Stefano Mazzocchi wrote:
>
> Now, a technical question: we already have two projects which have a
> pretty high overlap (SOAP and Axis). Why do we need another one? Can't
> this "WASP lite" be donated as directly to Axis instead of creating yet
> another project on webservices?

Brief history: IBM contributed SOAP4J to Apache, and it became SOAP 2.x and
a fairly substantial number of features were added under the Apache
Umbrella.

At some point, it was agreed that fairly substantial internal restructuring
was required to - among other things - move from a DOM to a SAX based
parser, and  create an architecture where people could plug in support for
headers.

Initially this was called SOAP 3.x.  Since it was a massive change, we
decided we wanted a separate cvs repository - like cocoon2 ultimately did,
and xerces2 and tomcat4.  At the same time, the W3C had accepted the SOAP
1.1 submission.  Their first act was to rename the protocol to XP.
Unfortunately, this conflicted with a then-unannounced operating system, so
they renamed the protocol XMLP.  We decided that naming the project after
the old name would cause confusion, and decided to get off the
merry-go-round, and come up with our own name.  Ironically, the W3C later
decided that changing the name from SOAP was not a good idea, and the next
version of the protocol apparently will be called SOAP 1.2.

Roughly at the same time, two individuals from a company then named IDOOX
started contributing.  Unfortunately, their company made a business
decision to work on a separate code base, one that in 20-20 hindsight I'm
sure that we all wish had been done differently.

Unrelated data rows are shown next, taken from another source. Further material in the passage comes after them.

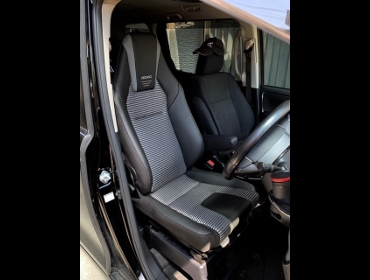 TOYOTA�@���H�N�V�[�@�n�C�u���b�h�@�����^�@ZWR80G�@�Ɂ@RECARO�i���J���j�@LX-F�@IL110H�@BK�@�A�[�����X�g�t���@����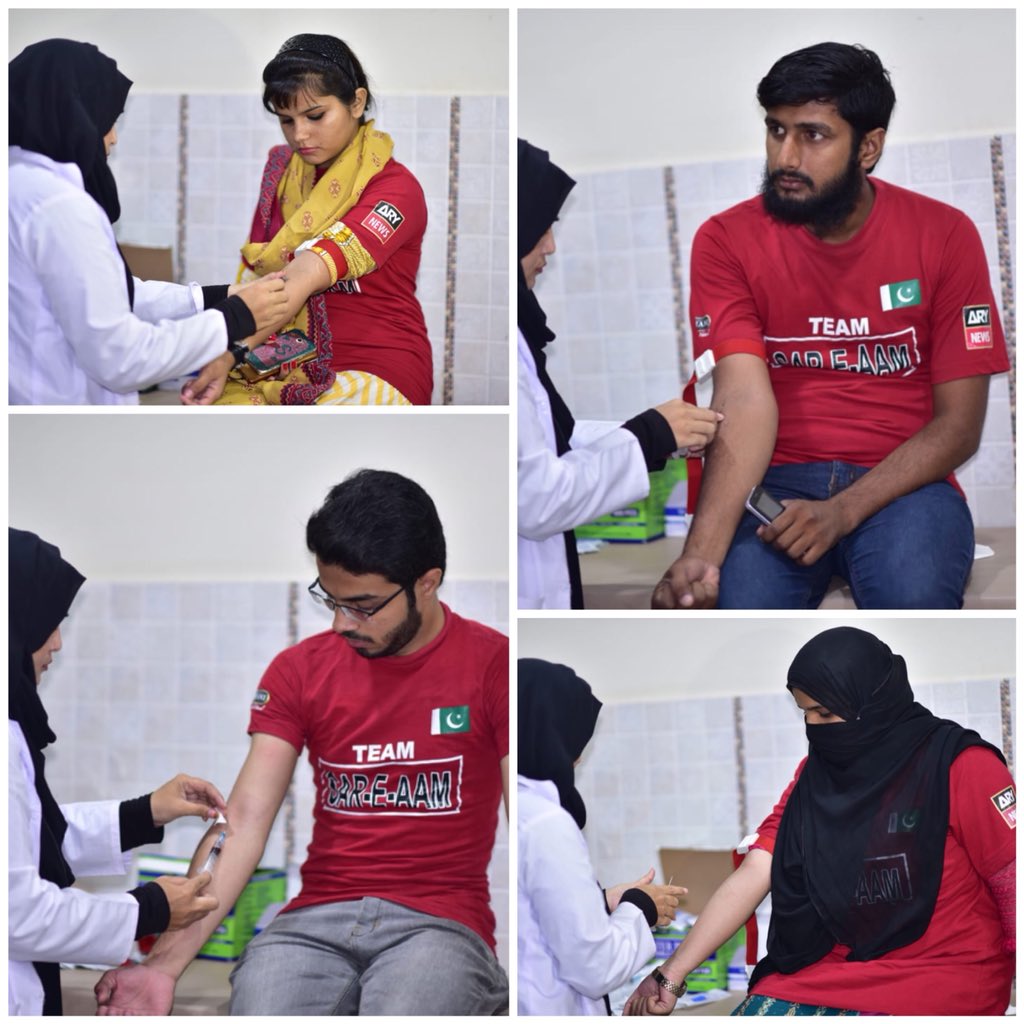 iqrarulhassan's tweet photo. آج ٹیم سرعام کےکراچی کےجانبازوں کےساتھ مل کر تھیلیسیمیاسینٹرمیں خون کاعطیہ دیا۔رمضان میں خون کے عطیات کم ہو جاتے ہیں۔ یقین جانیں لگ رہا ہے خون عطیہ کرنے سے خون کم نہیں ہوا بلکہ جانبازوں کا جذبہ دیکھ کر کئی سیر خون بڑھ گیا ہے۔
#DonateBlood #TeamSareAam
#مرا_خون_بھی_حاضر_پاکستان https://t.co/Kuh67i3tH3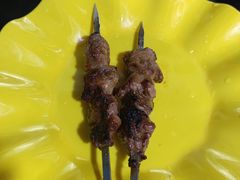 -烤肉小伙烤肉店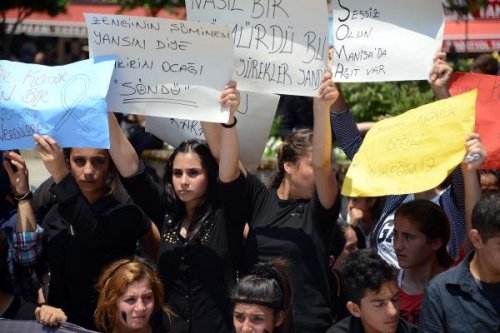 ADANA'DA LİSELİLERDEN SOMA'DA ANMA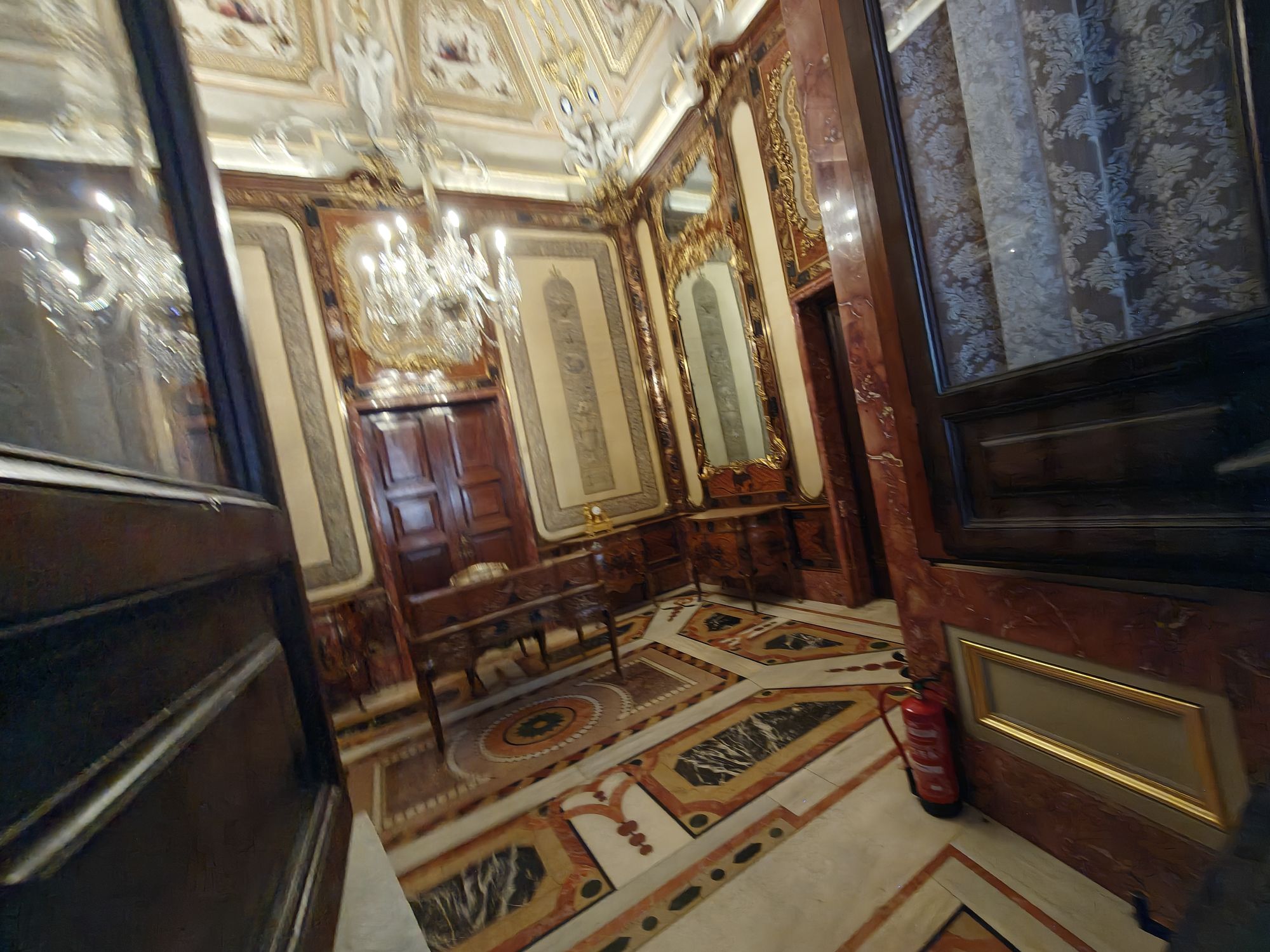 Plaza De La ArmerĂa Madrid Spain 99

Now we have two code bases, each intending to be the successor to SOAP 2.x.
Both created by Apache committers (presumably plus a few other people who
work at Systinet).  The code bases definitely deserve two separate cvs
trees at this point - doing otherwise would be too disruptive.  But I would
like to see one set of committers - each with access to the other.

I do not feel as strongly about the name.  The closest analogy I can think
of is the Catalina "revolution" in Jakarta Tomcat.